Practicing 10,000 hours can only help.

But one factor rises above all others in determining athletic prowess.

Drive.

I have seen it firsthand.  From the third grade girl with the wicked jump shot to the middle-school soccer player with the sick moves, the best players in youth sports have all been driven to excellence.

More interesting than the outcome however, is the source of that drive.  They didn’t get it from a parent that coaches,  better equipment or a spot on the select team.  They weren’t even born with it.  They earned it through struggle.

The best kids share a common trait.  They all have older siblings who also play.  It is the lone source of grit for kids these days and this alone has set them up to succeed.  You see at some point they were in a pickup game and realized that they had a choice.  Either quit, learn to play better, or continue to get your butt kicked daily.

Their failures + their struggles + their challenges =  their fuel

Have you ever heard Michael Jordan’s hall of fame induction speech?  It’s like none other.  Most of these Hall of Fame guys are all but finished with life.  They hobble up to the podium on induction day and recount all the great things that ever happened to them.  Broken and gray, they tear up about what used to be, they thank people and they leave.
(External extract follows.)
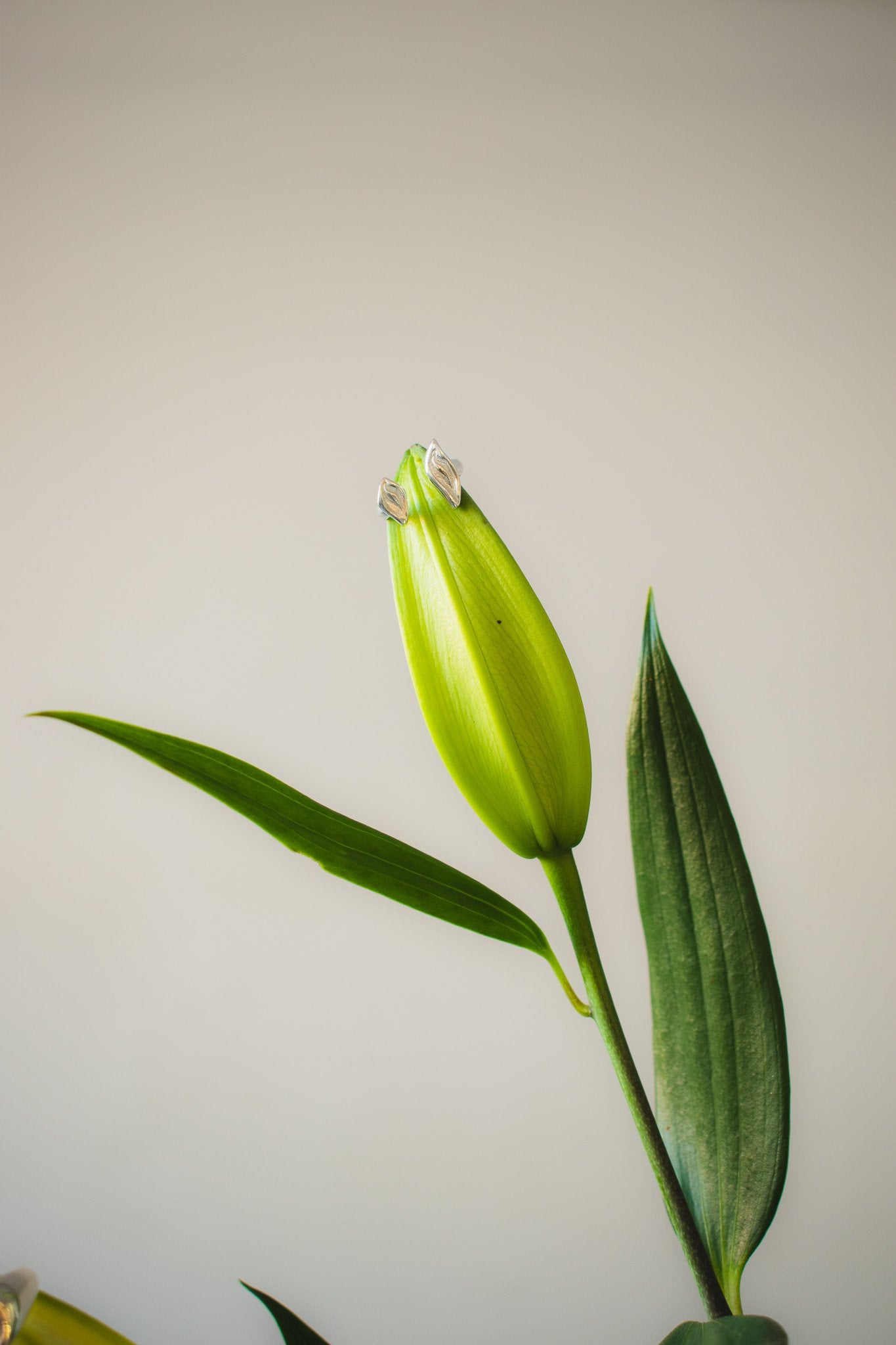 Green tulip bud with leaves on a plain background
In short, they give a nice speech.

Michael has no time for nice, he’s still burning.

“I got two brothers – James and Larry –They gave me all I could ever ask for in terms of competition. My brother Larry dude fought me every single day. You guys sit there asking where is my competition or where did my competitive nature come from? It came from them. They started the fire in me.  And as I moved on in my career people added wood to that fire…”– Michael Jordan

He continues in the speech to recount every disappointment and every slight.  Three thousand six hundred and nine words about setbacks.  He names names.

From players who bested him, to GMs who doubted him, to opponents who questioned him, each is called out as a log.  Logs, lobbed onto a fire, fuel for his drive, building the inferno that is Michael Jordan.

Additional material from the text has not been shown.